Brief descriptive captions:
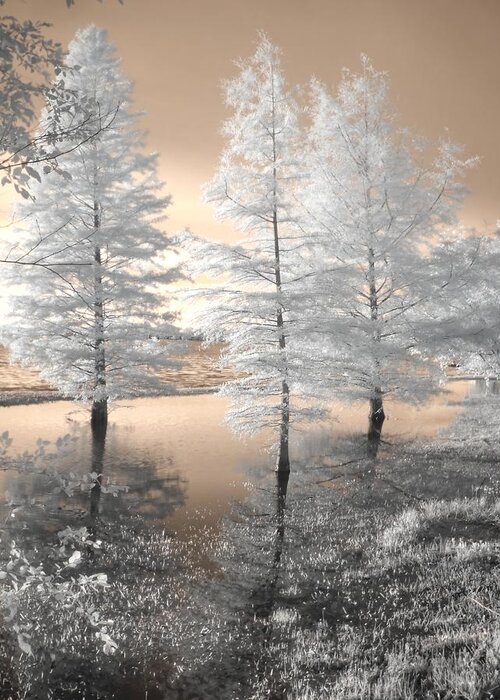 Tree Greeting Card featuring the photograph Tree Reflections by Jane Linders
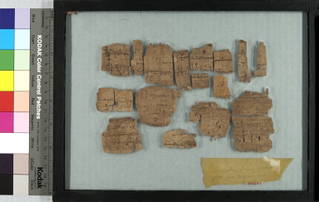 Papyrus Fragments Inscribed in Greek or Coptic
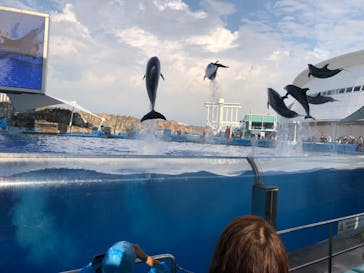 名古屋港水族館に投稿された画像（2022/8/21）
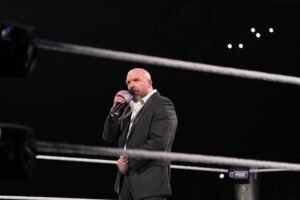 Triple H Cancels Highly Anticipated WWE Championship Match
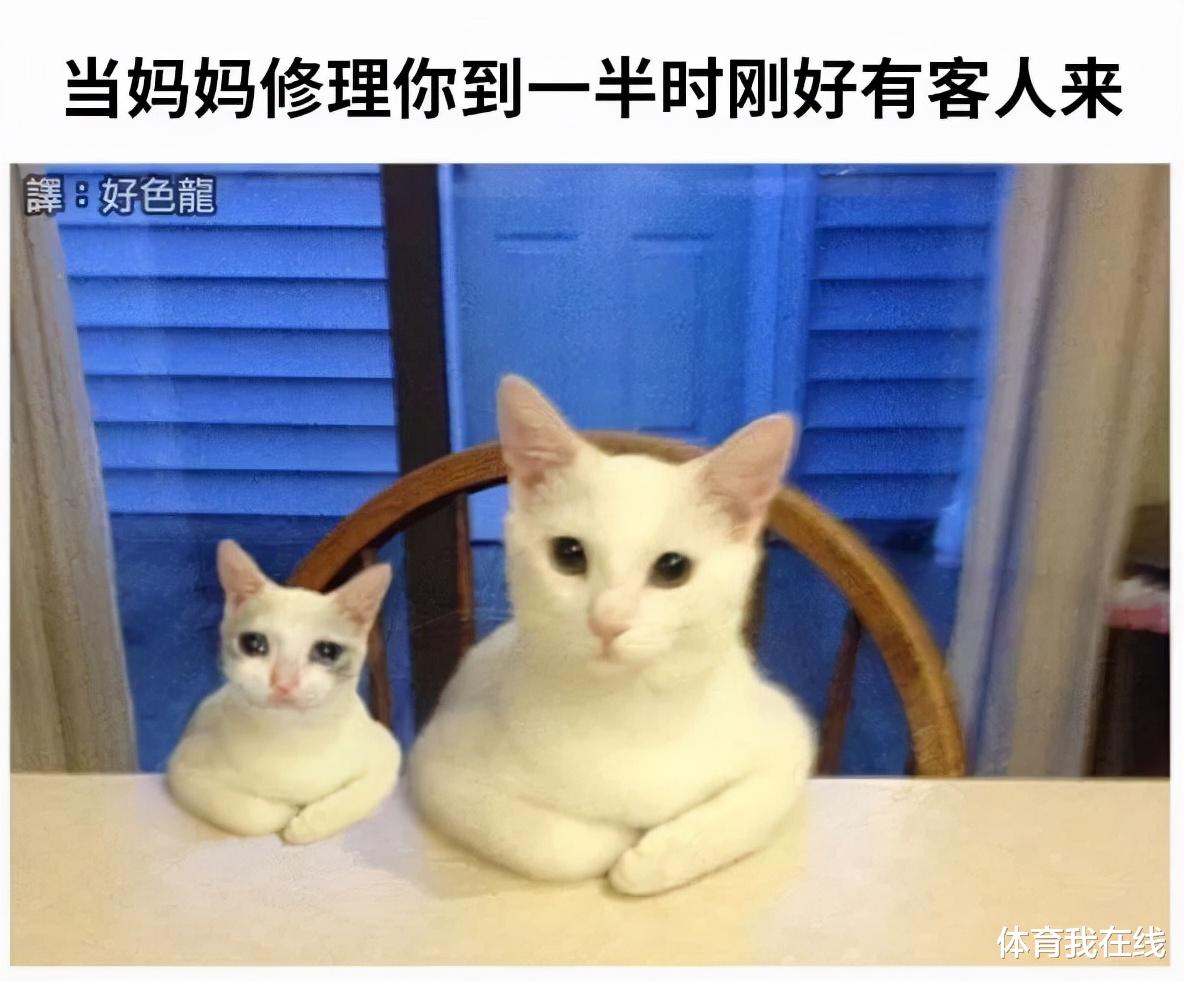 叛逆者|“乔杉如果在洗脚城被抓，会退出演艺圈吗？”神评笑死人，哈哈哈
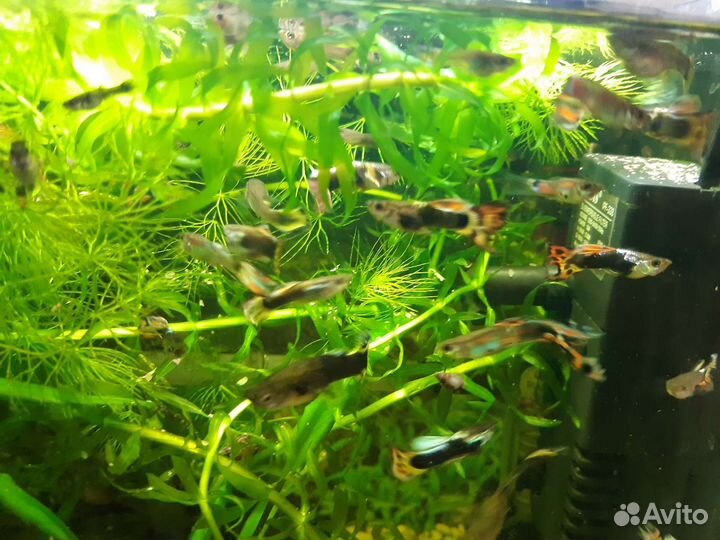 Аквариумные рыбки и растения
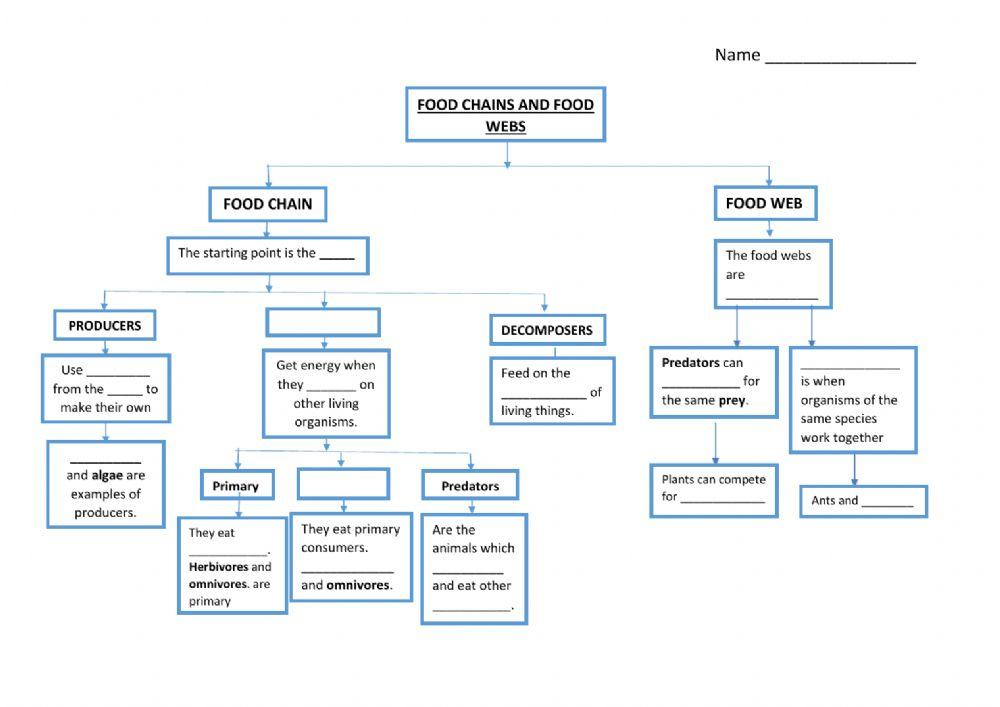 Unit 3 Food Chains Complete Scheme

### Assignment
Print every record exactly without the images.

### Response to this task
 Tree Greeting Card featuring the photograph Tree Reflections by Jane Linders
 Papyrus Fragments Inscribed in Greek or Coptic
 名古屋港水族館に投稿された画像（2022/8/21）
 Triple H Cancels Highly Anticipated WWE Championship Match
 叛逆者|“乔杉如果在洗脚城被抓，会退出演艺圈吗？”神评笑死人，哈哈哈
 Аквариумные рыбки и растения
 Unit 3 Food Chains Complete Scheme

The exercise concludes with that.